Date: Sunday, October 22, 2017
I have a twenty pound note (British Sterling) from my last trip to London. Queen Elizabeth, her portrait, is imprinted on one side. She is the reigning monarch. It is a custom here, in our country, to have currency engraved with the figure of a notable man or in the case of a “silver” dollar -- Susan B. Anthony. For most Americans and the English this custom is not offensive but having a coin or denarius in your purse at the time of Jesus could signal that you are sympathetic or collaborating with the Roman occupational army! The image of the Emperor, Tiberius Caesar, son of the divine priest Augustus, was imprinted on the tribute coin used for the census tax. For a faithful Jew it was graven image, an idol.
Pharisees and Herodians, in league together, try to trap Jesus by asking: “Is it lawful to pay the census tax to Caesar or not?” If Jesus says: “yes” he will be painted as a collaborator; if he says: “no” he will be seen as a rebel or zealot. Either way Jesus loses. But Jesus asks for the coin that pays the tax. Unwittingly, they hand Jesus the coin in question thus compromising their own sincerity. Jesus asks: “Whose image is this and whose inscription?” They reply: “Caesar’s.” Avoiding entrapment, Jesus tells them: “Then repay to Caesar what belongs to Caesar and to God what belongs to God.”

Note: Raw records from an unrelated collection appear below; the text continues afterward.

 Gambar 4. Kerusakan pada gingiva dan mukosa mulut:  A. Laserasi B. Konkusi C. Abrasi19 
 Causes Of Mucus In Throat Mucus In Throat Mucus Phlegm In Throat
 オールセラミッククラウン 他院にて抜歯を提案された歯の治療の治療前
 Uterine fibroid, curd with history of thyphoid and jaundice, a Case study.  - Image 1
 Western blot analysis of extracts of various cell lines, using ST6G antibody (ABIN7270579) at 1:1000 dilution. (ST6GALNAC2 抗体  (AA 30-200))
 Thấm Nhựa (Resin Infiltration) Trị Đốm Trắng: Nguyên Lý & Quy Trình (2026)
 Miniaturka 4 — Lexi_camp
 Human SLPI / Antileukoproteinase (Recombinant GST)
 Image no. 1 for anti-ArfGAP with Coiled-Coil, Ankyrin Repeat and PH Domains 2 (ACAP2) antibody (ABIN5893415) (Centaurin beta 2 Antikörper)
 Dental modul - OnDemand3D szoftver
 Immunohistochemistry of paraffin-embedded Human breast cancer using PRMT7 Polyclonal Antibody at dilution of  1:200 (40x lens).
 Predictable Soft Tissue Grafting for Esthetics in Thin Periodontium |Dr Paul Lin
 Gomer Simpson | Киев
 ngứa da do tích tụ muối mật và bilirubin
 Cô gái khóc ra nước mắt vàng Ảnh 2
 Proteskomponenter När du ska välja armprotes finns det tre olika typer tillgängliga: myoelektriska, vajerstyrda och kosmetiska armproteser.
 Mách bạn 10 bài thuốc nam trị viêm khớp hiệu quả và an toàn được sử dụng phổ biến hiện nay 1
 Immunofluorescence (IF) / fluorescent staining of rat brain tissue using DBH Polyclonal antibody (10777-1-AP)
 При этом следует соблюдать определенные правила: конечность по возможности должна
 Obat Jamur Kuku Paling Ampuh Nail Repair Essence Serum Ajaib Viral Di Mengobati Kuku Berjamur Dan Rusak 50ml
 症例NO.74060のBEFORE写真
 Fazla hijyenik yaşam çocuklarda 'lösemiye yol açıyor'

We are dual citizens – in the country we live and in the Kingdom to come. Catholic Catechism states: Submission to authority and co-responsibility for the common good make it morally obligatory to pay taxes, to exercise the right to vote, and to defend one’s country. But Catholics must follow God first, “refusing obedience to civil authorities when their demands are contrary to those of an upright conscience.” St. Peter in his letter in the New Testament puts it succinctly: “Give honor to all, love the community, fear God, honor the king.” (1Peter 2:17) St. Thomas More, before his execution, affirms: “I die the King’s good servant, but God’s first.”